Won Color el Stage
1. Project Description
It’s both a video game and a three-player strategic game. Each player acts as a supporting fan respectively of one of the three anime girl idols. Each player inputs his representative primary color and tries to summon his own idol.
2. Project Details
Player 1 inputs red trying to summon the tangerine girl.
Player 2 inputs yellow trying to summon the emerald girl.
Player 3 inputs blue trying to summon the violet girl.
How does a player inputs his color? A distance sensor from Arduino measures the distance of his hand from it. The closer, the higher the input.
How are the girls summoned? Taking those primary color inputs and computing through some lousy maths, three players get a mixed color. Then the new color is judged onto hue, to turn out to be closest to the color tangerine, emerald, or violet, and the corresponding girl switches the girl previously on stage, if there’s been, to appear on the stage to sing and dance. In practice, the animation is the girl’s video played on Processing.

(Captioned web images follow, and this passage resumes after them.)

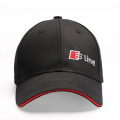 Miniatyrbild 2 av 4: Mode Unisex Baseballkeps Bomull Sport MOTO GP Racing Snapback Svart sline Män Kvinnor Broderi Pappa Hat Gorras EP0132 Svart none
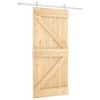 vidaXL Porte coulissante 95 x 210 cm Bois de pin massif (non trait&eacute;)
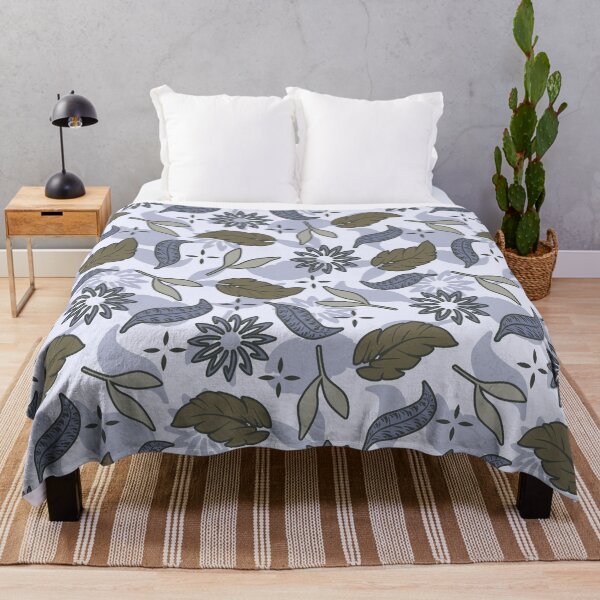 Item preview, Modern Beige and Grey Leaves Seamless Repeat designed and sold by Sharon Schwalbe.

Why these specific colors, and why not RGB? One idea is that I was taught by art teachers from primary school the primary colors were red, yellow, and blue. Now, I’ve acknowledged that RGB are the correct three primary colors, and CMY aren’t equal to blue, red, and yellow. Even so, I try to recover the good old memories of mixing colors in art classes. Another idea is that RGB is just to saturated, and their invert colors, CMY feels like sex and hormone, therefore, there’re not proper to represent the girl idols. By contrast, my RYB and their mixed colors are more moderate:
R+Y = orange (tangerine)
Y+B = green (emerald)
B+R = purple (violet)
How to judge victory of the game? Over the time of an idol pop song being played on the stage on Processing, the total on-stage reign of each idol is counted. Here’s a penalizing mechanism if three players are inputing so harsh that the mixed color is too dark, all girl idols black out for a moment since “there’s too much dark energy”, and each player’s time account gets reduced by the color’s darkness times the proportion of his contribution to the color. Who has the longest time wins.

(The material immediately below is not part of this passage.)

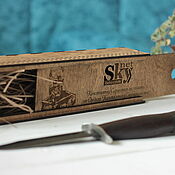 Сувениры и подарки handmade. Livemaster - original item Gift box pencil case for knife (with engraving.). Handmade.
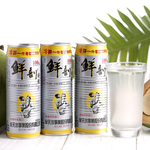 【半天水】鮮剖100%純椰汁24瓶〈無果肉/520ml/瓶/易開罐〉免運, , large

How strategic can this game be? Highly. Because to earn a high score, the players have to not only explore the theoretic rules for color mixing, but also balance with the other two players to output the color of his idol, which is never easy, plus the penalizing mechanism restriction.
3. Context & Significance
It’s a supreme gift for ACG (anime, comic, and game) lovers. They can watch the cute anime girls perform as they compete, and how they input the color is intended to be like intimately touching the girl since the sensor will be decorated with the girl’s portrait. Plus, the strategic game is highly interactive.
Inspirations from midterm suggests that a multi-player game satisfies a high-ordered interaction. And players are also interacting with the virtual characters. The color idea was triggered by Click Canvas on creative applications.
4. Explanation for the Project Title
“Won” means “to win” in English and “primary” in Korean. “El” means “from” as an affix and is short for “Elsword” an ACG action RPG made by KOG Korea where the three girl idols are from. It basically means winning a game from selecting primary colors to control stage performances.